Assertiveness is, in my experience, a facet of self-confidence. So it may be that the common lack of assertiveness in riders is closely related to a lack of self-confidence. Improving your self-confidence is a conundrum. People who are urged to be more self-confident will ask, and rightly so, “How can I have the confidence to be more self-confident if I lack confidence in the first place? Isn’t this a catch-22?”

I think the answer is both “yes” and “no.” I like the saying, “Boldness comes from confidence; confidence comes from success.” So you have to begin by guaranteeing success. The way to guarantee success is to begin with tasks that are ridiculously easy and gradually build from there, backing up if things start to go wrong. It’s like desensitizing your horse to that scary ditch.

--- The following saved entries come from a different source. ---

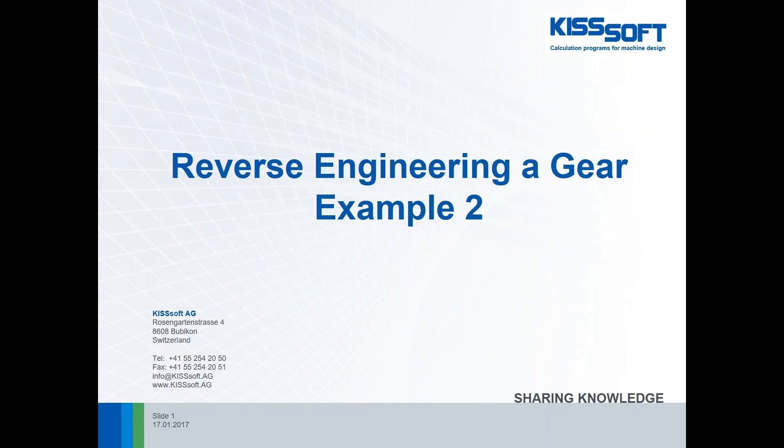Hello again. This is Ty Warner with KissSoft USA. I'm going to go through another reverse engineering gear pair example. This will be our second example. There's already an example on our KissSoft USA YouTube page. You can go and look at it if you like.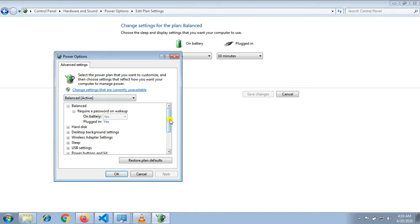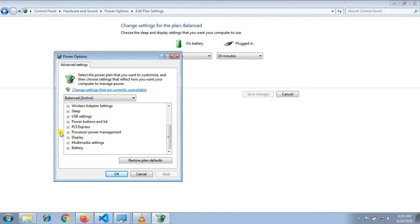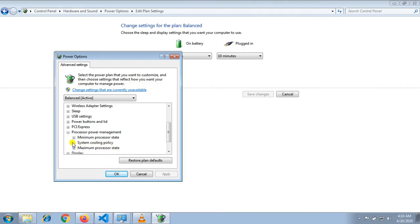Then find processor power management and click on it. Click on system cooling policy. Right now it's showing active, but we need to change it to passive.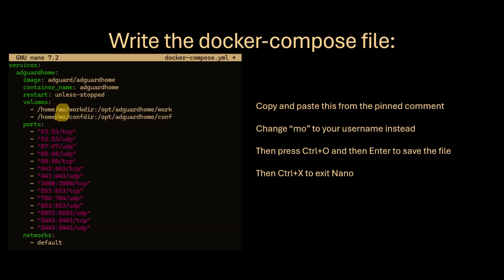Now in the Docker Compose file, paste this from the pinned comment. Change 'mode' to your username instead. Then press Ctrl+O and then Enter to save the file. Then Ctrl+X to exit nano.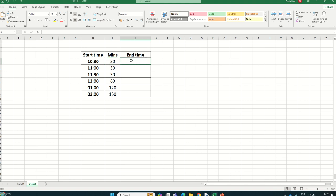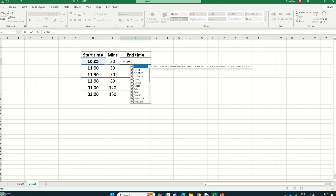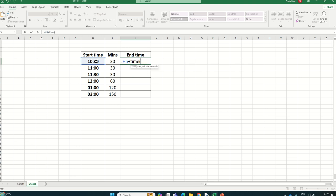We have to type first an equal sign, then select the start time cell, then a plus sign. Then we have one function which is TIME. It accepts three parameters: hours, minutes, and seconds. Right now hours will be zero, then minutes—that is this cell—and seconds will be zero, and enter.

There are three things you try not to do when teaching a horse a new skill. Don’t hurt him. Don’t scare him. Don’t get him wildly excited. Similarly, if you are trying to build your self-confidence, don’t hurt yourself, and don’t scare yourself—too much. You have to scare yourself a little to give yourself something to build on, but only a little. Keep doing the slightly scary thing until you have had so much success that you know success is inevitable. Then make whatever it is that you are trying to do a little harder. And so on. (At some point, it will get too hard, no matter how talented you may be.)

You can be timid, or shy, or indecisive, or reticent. You can be burdened by any one of many afflictions that result from a lack of self-confidence, and you can improve every one of them if you can figure out a way to scare yourself just a little bit. Too big a scare, and you will find your self-confidence in pieces on the ground.

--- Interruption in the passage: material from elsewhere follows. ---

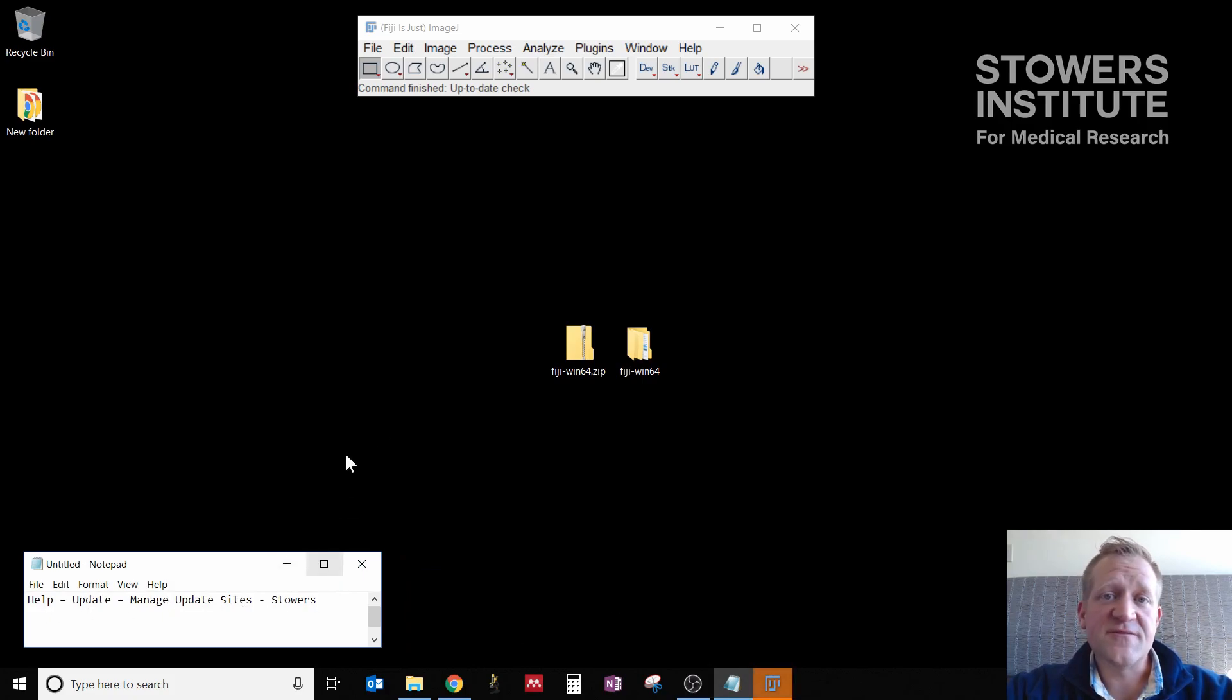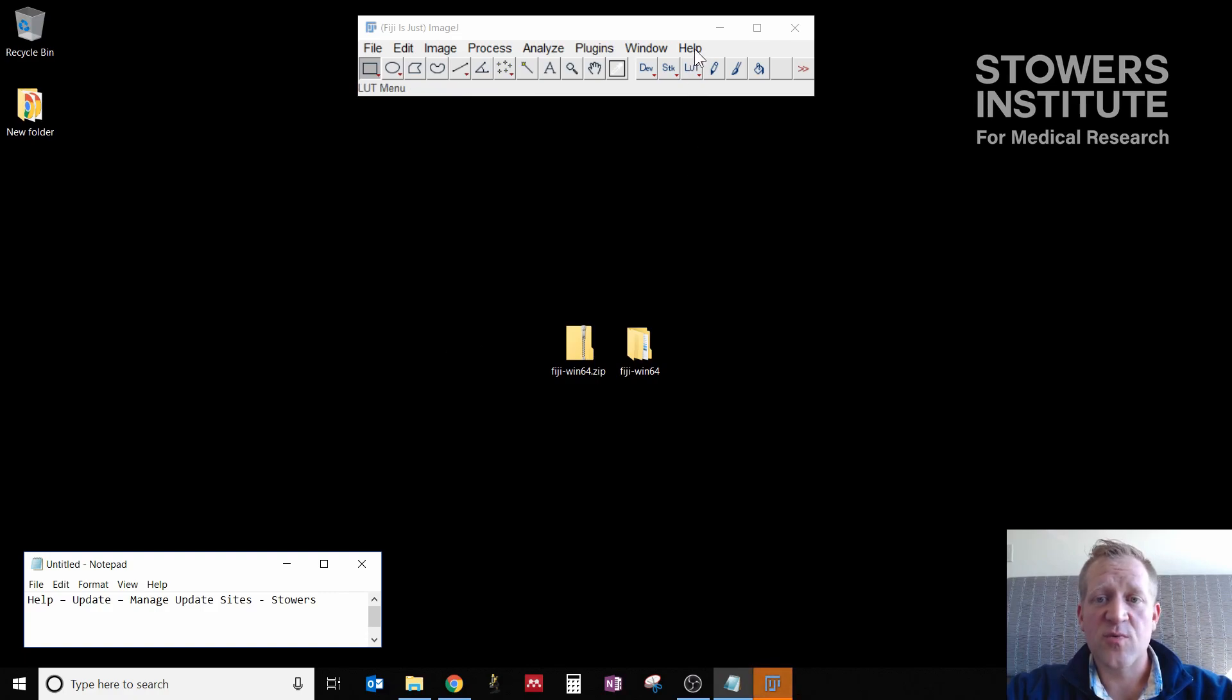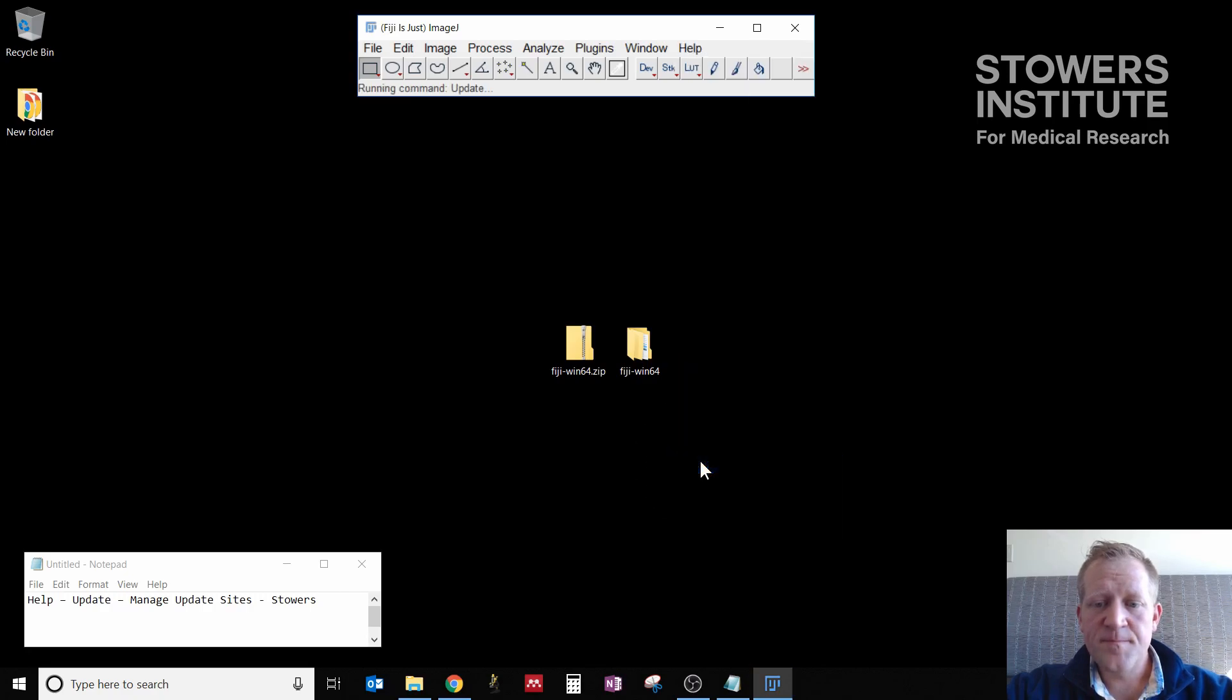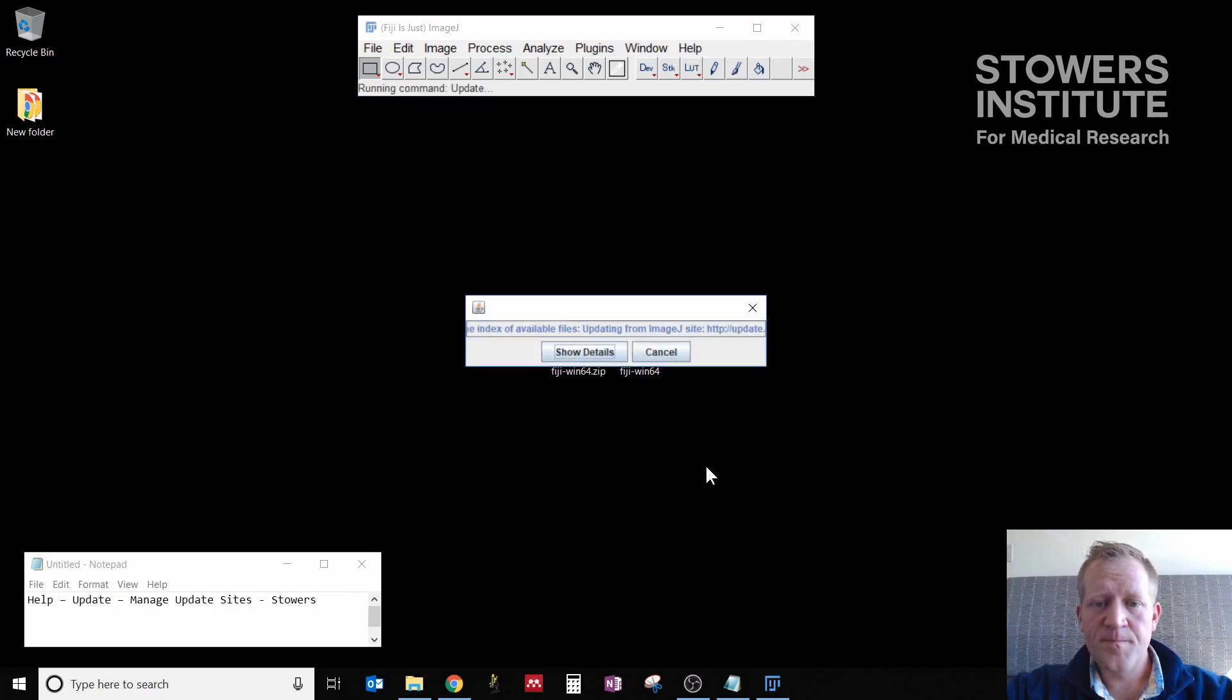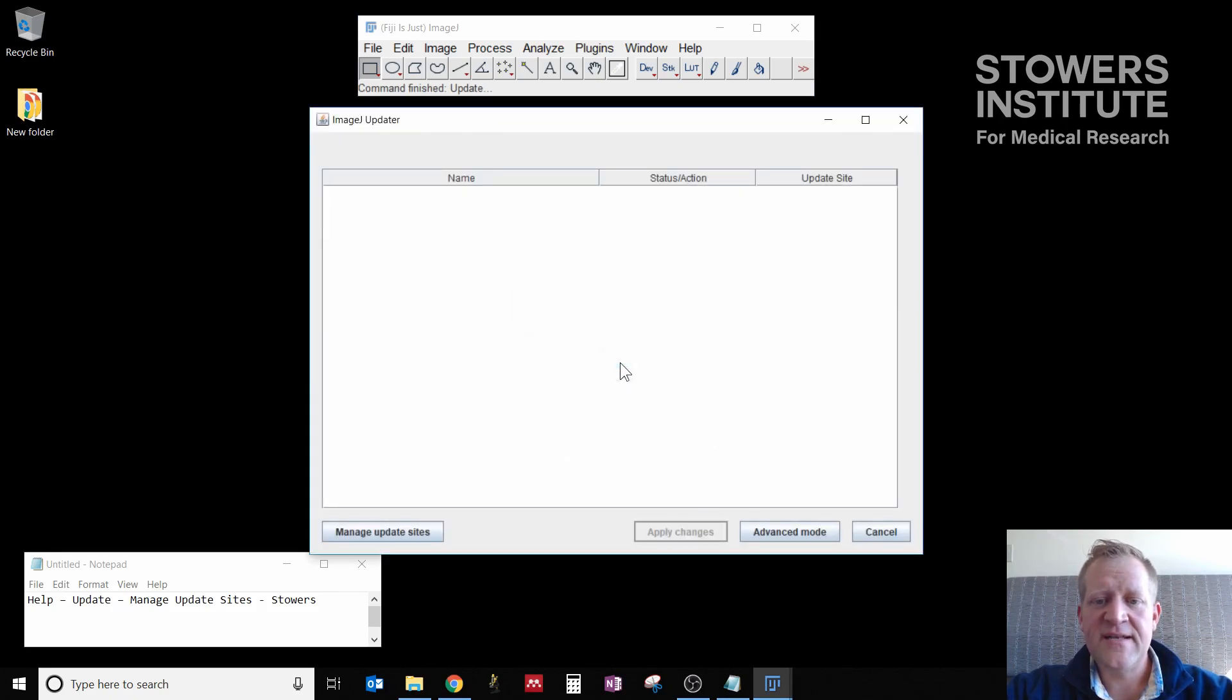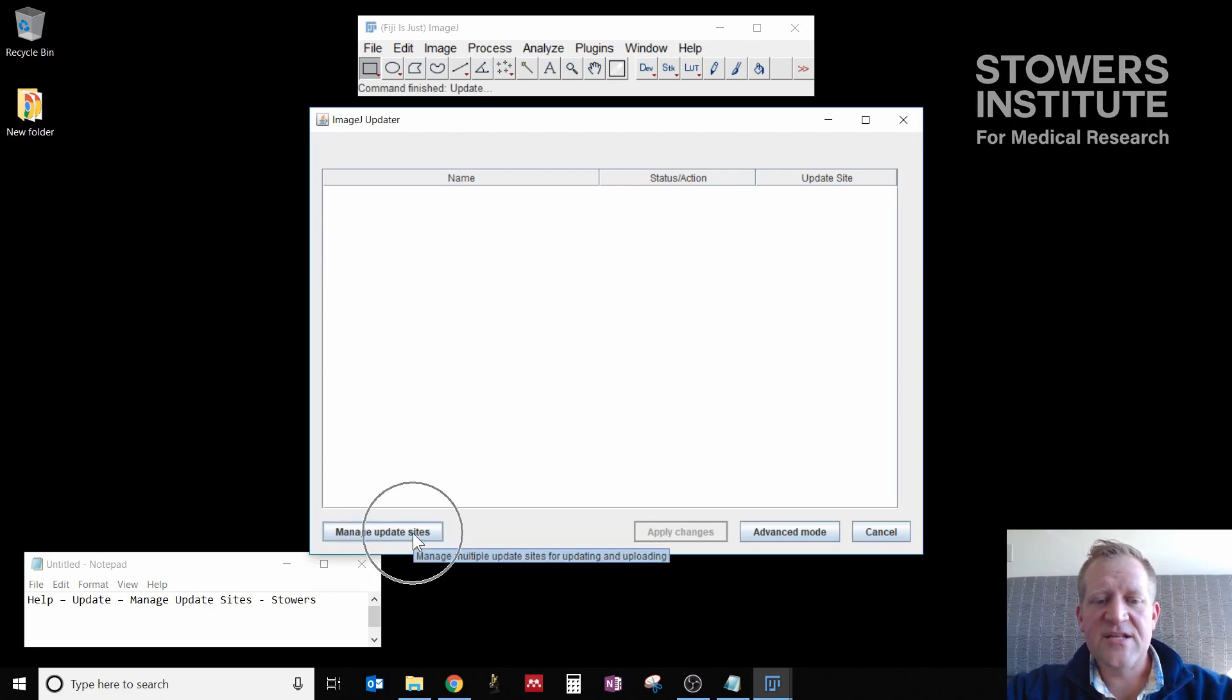So this is where all of the updates for Fiji are hosted, not only from Stowers but from across the world. We'll read from a series of websites for updates. It might say right now I'm up to date, so that's fine.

If you don’t like public speaking, don’t start by addressing the Republican National Convention! Instead, maybe you could start by addressing Cub Scout Pack Three, so that your listeners are nine years old. Ski down the bunny slope first, not the double black diamond.

Jane Savoie is an internationally accomplished dressage rider who has written motivational books and is in great demand as a speaker. One of her stories that I like best describes how, if you put fleas in a jar and screw a lid on it, the fleas will initially hit their tiny flea heads against the lid while attempting to jump out. Some sixth sense then tells them exactly how high the lid is, so that they keep jumping—but not quite high enough to hit the lid.

Now, when you take the lid off the jar, the fleas will keep jumping—and although they could easily do it, they won’t jump high enough to jump out. They have it in their tiny flea brains that the height of their jar is their limit. “So,” asks Jane, “aren’t we like those fleas? Don’t we all have limits that are only real because we believe them to be real, not because they are real in fact?”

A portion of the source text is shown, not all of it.